• Discover new ways to elevate your game with the updated DGCourseReview app!
    It's entirely free and enhanced with features shaped by user feedback to ensure your best experience on the course. (App Store or Google Play)

That ratings nightmare again

Its not very accurate, but it works for now. Just gotta live with it until something better comes along.

It is actually very accurate and stable.

The variations in SSA that I have observed almost never are more than +/- 1 throw (barring crazy weather or lack of enough propagators to make things statistically valid).

It makes no sense to worry about accuracy of less than +/- 1.49 throws, since that gets rounded to 1 throw.....and there is no way that I know of to throw a disc in less than 1 throw (or a non-integer number of throws).

edit: BTW, this is why I am asking to see the event stats. I want to see examples of variations greater than +/- 1.49.
 
Last edited:
As an example, the starting ratings ranking of Open players at Worlds has had a 91-95% correlation to their finishing rank. I'd say that's pretty predictive.

I agree, correlation in that range is *great*, however the white paper on the topic also had event examples with correlations considerably lower (sometimes even below 50%). I was also curious as to why the statistics only included the MPO correlation, and not the correlation for other divisions or overall. I would think that ideally, the correlation calculations should be run on (at least) all propagators for an event, and not limited to a specific division.

For reference, if anyone wants to see that white paper, it is available here:

http://www.pdga.com/files/documents/Correlation_for_Better_Courses.pdf
 
I'll profess to ignorance; I haven't been involved in other sports or competitions that used such ratings. My background is in team sports.

I would imagine you could take the PDGA ratings and have some kind of predictive factor. A player with a 900 rating will shoot 50 points over or under his rating xx% of the time. Or, a player with a 900 rating will beat a player with a 930 rating on a particular SSA course xx% of the time in a given round, and xx% of the time over 4 rounds. Something like that.

Just as it can be converted to handicaps, if desired.

You can definitely do this, however the rating system itself wasn't built around enforcing consistency of that kind of relationship. By comparison to most other rating systems, there are two things the PDGA rating system doesn't really do: 1. in most rating systems, players who have never played before still have a rating, and there is a fixed (win/loss ratio) relationship between the lowest and highest possible ratings (and every possible point in between them) in the scale, and 2. most rating systems actually use two measurements, the visible 'rating' and an internal measure of just how accurate (subject to fluctuation) that rating is.

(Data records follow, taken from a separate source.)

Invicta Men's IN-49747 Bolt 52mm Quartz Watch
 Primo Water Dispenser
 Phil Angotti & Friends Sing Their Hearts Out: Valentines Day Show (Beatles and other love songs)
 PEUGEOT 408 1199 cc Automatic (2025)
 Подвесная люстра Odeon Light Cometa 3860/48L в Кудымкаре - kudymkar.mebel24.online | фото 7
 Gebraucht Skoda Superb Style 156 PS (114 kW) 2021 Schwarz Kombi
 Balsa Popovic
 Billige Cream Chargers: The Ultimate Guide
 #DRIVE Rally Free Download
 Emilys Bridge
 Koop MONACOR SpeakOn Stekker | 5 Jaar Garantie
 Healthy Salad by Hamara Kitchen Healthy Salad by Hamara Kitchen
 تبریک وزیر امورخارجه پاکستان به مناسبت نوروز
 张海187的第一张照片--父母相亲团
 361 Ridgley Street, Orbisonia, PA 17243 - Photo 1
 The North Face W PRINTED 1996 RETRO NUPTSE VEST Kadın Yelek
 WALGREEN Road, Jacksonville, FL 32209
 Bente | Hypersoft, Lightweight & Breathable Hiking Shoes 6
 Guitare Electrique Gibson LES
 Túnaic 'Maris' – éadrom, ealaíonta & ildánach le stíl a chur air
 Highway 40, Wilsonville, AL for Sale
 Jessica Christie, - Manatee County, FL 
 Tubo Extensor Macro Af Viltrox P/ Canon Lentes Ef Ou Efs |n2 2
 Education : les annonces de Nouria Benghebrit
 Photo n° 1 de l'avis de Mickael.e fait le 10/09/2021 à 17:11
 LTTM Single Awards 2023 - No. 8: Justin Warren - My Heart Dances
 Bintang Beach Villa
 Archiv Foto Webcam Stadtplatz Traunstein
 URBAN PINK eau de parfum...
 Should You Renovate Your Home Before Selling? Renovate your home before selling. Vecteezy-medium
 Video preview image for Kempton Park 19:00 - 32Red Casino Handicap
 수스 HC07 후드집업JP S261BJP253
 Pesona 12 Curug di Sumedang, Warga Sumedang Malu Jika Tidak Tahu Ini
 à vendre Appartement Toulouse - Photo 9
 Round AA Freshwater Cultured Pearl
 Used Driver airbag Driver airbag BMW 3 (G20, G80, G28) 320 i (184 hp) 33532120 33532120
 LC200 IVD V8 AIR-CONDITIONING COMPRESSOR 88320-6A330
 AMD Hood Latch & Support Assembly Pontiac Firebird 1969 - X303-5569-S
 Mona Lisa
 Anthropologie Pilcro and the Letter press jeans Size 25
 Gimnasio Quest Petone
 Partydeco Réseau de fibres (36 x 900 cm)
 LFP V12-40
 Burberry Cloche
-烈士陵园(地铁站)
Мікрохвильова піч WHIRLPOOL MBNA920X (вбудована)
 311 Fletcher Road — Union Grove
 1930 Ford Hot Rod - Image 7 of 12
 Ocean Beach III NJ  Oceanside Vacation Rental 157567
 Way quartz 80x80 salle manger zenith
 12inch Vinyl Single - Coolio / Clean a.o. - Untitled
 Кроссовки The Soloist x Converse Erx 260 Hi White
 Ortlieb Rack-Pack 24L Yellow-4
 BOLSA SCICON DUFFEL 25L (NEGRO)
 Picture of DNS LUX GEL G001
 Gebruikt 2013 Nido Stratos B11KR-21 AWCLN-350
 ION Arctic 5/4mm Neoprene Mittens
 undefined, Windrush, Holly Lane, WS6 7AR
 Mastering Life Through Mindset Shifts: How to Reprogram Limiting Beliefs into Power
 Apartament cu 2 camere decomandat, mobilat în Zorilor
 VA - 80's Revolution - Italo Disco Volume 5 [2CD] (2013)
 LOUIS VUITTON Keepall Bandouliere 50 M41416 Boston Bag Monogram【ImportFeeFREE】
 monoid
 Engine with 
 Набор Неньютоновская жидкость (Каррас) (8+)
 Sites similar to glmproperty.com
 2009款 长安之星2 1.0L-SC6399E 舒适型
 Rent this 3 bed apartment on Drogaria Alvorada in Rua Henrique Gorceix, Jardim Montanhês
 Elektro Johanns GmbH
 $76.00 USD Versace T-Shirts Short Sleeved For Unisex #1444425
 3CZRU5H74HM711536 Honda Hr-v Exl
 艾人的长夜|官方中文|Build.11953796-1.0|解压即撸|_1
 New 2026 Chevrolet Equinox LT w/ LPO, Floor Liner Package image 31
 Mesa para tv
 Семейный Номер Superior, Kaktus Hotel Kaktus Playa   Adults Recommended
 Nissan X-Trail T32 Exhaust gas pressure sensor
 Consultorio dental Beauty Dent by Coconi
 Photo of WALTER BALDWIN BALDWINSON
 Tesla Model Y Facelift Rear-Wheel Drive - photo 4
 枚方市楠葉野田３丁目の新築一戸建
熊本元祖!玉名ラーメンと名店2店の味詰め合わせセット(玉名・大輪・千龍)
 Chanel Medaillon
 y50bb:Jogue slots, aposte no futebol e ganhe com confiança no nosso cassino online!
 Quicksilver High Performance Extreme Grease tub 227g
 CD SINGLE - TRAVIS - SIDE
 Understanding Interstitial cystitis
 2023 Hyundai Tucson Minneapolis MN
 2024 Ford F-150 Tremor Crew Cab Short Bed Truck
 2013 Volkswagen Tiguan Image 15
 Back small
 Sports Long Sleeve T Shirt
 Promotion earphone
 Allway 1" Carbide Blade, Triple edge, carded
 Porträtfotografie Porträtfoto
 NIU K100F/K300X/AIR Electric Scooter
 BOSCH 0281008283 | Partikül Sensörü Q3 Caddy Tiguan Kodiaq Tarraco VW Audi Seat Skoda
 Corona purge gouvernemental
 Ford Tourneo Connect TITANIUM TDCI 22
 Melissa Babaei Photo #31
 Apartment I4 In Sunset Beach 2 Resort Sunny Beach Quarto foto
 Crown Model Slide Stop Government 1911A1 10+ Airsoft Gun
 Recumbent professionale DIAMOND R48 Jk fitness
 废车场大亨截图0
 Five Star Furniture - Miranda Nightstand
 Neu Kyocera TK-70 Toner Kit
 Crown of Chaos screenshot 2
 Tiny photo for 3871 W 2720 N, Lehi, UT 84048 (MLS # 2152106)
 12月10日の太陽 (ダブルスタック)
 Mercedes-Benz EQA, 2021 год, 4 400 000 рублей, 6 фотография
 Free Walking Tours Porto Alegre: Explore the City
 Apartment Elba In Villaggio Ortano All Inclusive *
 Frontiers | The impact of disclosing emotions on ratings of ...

For example, a player with only a few matches has a rating, that externally may look the same as another player who's been competing for years.. but internally the new player has a measurement that indicates their rating is very 'provisional' (i.e. less valuable as a benchmark), and will be weighted very lightly when it comes to applying the results of their matches on subsequent ratings. As the player plays more and more matches, this internal value gets smaller (i.e. their rating becomes a better and better benchmark of how a player of that rating performs).

By comparison, in the PDGA system a player goes from having no rating at all to having a rating of how they did at their first match. Once they've become a propagator, every round they play is considered equally-as-important as every round of every other propagator, regardless of the total number of matches for each individual.
 
I agree, correlation in that range is *great*, however the white paper on the topic also had event examples with correlations considerably lower (sometimes even below 50%). I was also curious as to why the statistics only included the MPO correlation, and not the correlation for other divisions or overall. I would think that ideally, the correlation calculations should be run on (at least) all propagators for an event, and not limited to a specific division.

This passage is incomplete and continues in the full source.